Data under study
○ ○ ○ ○ ○ ○ ○

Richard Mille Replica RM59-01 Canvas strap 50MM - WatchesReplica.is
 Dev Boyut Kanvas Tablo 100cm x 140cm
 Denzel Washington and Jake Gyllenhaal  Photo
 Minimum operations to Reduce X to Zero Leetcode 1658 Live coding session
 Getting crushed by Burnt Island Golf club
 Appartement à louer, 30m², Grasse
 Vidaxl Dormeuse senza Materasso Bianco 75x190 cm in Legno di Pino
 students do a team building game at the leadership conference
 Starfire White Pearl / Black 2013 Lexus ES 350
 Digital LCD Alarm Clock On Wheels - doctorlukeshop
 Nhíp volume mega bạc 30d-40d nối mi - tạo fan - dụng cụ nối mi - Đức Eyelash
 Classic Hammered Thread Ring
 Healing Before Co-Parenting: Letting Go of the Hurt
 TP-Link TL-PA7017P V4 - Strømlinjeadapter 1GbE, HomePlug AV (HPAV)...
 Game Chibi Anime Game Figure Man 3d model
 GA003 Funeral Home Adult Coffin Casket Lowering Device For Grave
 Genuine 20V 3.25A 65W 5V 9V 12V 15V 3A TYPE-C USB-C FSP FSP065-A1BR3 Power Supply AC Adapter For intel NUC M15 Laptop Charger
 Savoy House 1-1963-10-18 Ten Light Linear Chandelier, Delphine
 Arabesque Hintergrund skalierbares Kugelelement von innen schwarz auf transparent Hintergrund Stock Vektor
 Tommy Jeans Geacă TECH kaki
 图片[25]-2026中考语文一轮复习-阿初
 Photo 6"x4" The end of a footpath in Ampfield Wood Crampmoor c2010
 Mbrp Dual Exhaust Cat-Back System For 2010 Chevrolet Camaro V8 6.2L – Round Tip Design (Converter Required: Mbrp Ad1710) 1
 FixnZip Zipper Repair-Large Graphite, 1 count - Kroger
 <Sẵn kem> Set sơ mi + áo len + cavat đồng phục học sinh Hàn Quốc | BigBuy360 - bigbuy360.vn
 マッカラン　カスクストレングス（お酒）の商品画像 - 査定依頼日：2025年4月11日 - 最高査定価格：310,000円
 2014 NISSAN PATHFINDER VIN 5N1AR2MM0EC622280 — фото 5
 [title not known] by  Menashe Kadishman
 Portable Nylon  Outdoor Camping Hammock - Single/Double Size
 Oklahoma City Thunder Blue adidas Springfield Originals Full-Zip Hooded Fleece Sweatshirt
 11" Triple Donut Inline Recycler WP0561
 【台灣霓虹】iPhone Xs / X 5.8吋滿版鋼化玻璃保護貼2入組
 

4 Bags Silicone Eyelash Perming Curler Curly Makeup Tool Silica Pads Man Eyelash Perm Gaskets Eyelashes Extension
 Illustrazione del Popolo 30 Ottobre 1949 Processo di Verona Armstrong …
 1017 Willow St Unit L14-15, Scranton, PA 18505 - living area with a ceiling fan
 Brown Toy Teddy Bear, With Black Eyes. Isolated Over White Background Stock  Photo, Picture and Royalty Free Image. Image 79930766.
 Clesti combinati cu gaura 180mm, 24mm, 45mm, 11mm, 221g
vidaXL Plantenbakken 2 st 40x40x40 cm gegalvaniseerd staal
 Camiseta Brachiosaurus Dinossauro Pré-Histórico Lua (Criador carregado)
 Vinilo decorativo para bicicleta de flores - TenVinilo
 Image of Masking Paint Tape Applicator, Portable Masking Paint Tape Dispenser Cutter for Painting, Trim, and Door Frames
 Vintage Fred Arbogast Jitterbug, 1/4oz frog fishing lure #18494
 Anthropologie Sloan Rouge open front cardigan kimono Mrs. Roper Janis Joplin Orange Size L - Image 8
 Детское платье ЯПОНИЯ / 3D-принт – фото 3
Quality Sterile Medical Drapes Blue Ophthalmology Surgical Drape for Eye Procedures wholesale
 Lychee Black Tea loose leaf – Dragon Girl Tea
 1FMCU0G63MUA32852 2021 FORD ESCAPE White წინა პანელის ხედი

○ ○ ○ ○ ○ ○ ○

What to work on
Which lines run from the one containing "Vinilo decorativo para" through the end of the material? Output them exactly.

Task solution
 Vinilo decorativo para bicicleta de flores - TenVinilo
 Image of Masking Paint Tape Applicator, Portable Masking Paint Tape Dispenser Cutter for Painting, Trim, and Door Frames
 Vintage Fred Arbogast Jitterbug, 1/4oz frog fishing lure #18494
 Anthropologie Sloan Rouge open front cardigan kimono Mrs. Roper Janis Joplin Orange Size L - Image 8
 Детское платье ЯПОНИЯ / 3D-принт – фото 3
Quality Sterile Medical Drapes Blue Ophthalmology Surgical Drape for Eye Procedures wholesale
 Lychee Black Tea loose leaf – Dragon Girl Tea
 1FMCU0G63MUA32852 2021 FORD ESCAPE White წინა პანელის ხედი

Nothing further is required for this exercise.